**ABOUT THIS TASK:** Below are some lines of data. Return all of them as they are.

**DATA PROVIDED:**
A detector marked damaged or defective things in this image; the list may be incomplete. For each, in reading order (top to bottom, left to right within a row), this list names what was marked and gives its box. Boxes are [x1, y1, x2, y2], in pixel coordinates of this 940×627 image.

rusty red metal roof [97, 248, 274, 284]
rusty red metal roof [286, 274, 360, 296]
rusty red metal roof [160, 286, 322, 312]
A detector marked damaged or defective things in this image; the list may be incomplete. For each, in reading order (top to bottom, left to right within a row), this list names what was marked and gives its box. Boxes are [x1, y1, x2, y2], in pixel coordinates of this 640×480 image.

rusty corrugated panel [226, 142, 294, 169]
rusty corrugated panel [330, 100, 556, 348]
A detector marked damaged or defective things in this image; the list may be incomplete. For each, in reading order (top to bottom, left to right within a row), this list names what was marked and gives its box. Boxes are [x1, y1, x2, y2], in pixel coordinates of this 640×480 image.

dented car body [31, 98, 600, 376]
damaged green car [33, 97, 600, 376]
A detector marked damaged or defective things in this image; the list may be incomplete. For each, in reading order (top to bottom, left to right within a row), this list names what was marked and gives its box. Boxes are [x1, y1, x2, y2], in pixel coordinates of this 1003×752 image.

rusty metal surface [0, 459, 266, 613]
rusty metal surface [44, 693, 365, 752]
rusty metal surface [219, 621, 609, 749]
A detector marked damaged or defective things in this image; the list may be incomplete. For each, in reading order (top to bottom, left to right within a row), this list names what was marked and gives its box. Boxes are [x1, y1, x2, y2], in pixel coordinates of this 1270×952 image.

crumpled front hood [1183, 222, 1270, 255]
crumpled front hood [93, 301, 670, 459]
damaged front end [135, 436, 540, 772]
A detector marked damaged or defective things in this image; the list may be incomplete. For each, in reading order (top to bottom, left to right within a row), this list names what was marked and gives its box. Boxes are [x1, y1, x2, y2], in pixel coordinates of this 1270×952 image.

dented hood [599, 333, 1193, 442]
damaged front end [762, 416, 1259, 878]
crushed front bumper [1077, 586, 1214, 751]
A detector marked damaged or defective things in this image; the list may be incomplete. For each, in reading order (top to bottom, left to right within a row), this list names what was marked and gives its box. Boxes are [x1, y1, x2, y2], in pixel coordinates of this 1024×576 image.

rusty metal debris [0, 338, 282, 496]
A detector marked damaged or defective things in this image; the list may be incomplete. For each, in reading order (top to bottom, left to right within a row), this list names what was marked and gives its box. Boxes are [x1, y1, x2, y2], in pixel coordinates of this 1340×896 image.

**TASK RESULT:**
A detector marked damaged or defective things in this image; the list may be incomplete. For each, in reading order (top to bottom, left to right within a row), this list names what was marked and gives its box. Boxes are [x1, y1, x2, y2], in pixel coordinates of this 940×627 image.

rusty red metal roof [97, 248, 274, 284]
rusty red metal roof [286, 274, 360, 296]
rusty red metal roof [160, 286, 322, 312]
A detector marked damaged or defective things in this image; the list may be incomplete. For each, in reading order (top to bottom, left to right within a row), this list names what was marked and gives its box. Boxes are [x1, y1, x2, y2], in pixel coordinates of this 640×480 image.

rusty corrugated panel [226, 142, 294, 169]
rusty corrugated panel [330, 100, 556, 348]
A detector marked damaged or defective things in this image; the list may be incomplete. For each, in reading order (top to bottom, left to right within a row), this list names what was marked and gives its box. Boxes are [x1, y1, x2, y2], in pixel coordinates of this 640×480 image.

dented car body [31, 98, 600, 376]
damaged green car [33, 97, 600, 376]
A detector marked damaged or defective things in this image; the list may be incomplete. For each, in reading order (top to bottom, left to right within a row), this list names what was marked and gives its box. Boxes are [x1, y1, x2, y2], in pixel coordinates of this 1003×752 image.

rusty metal surface [0, 459, 266, 613]
rusty metal surface [44, 693, 365, 752]
rusty metal surface [219, 621, 609, 749]
A detector marked damaged or defective things in this image; the list may be incomplete. For each, in reading order (top to bottom, left to right within a row), this list names what was marked and gives its box. Boxes are [x1, y1, x2, y2], in pixel coordinates of this 1270×952 image.

crumpled front hood [1183, 222, 1270, 255]
crumpled front hood [93, 301, 670, 459]
damaged front end [135, 436, 540, 772]
A detector marked damaged or defective things in this image; the list may be incomplete. For each, in reading order (top to bottom, left to right within a row), this list names what was marked and gives its box. Boxes are [x1, y1, x2, y2], in pixel coordinates of this 1270×952 image.

dented hood [599, 333, 1193, 442]
damaged front end [762, 416, 1259, 878]
crushed front bumper [1077, 586, 1214, 751]
A detector marked damaged or defective things in this image; the list may be incomplete. For each, in reading order (top to bottom, left to right within a row), this list names what was marked and gives its box. Boxes are [x1, y1, x2, y2], in pixel coordinates of this 1024×576 image.

rusty metal debris [0, 338, 282, 496]
A detector marked damaged or defective things in this image; the list may be incomplete. For each, in reading order (top to bottom, left to right within a row), this list names what was marked and gives its box. Boxes are [x1, y1, x2, y2], in pixel coordinates of this 1340×896 image.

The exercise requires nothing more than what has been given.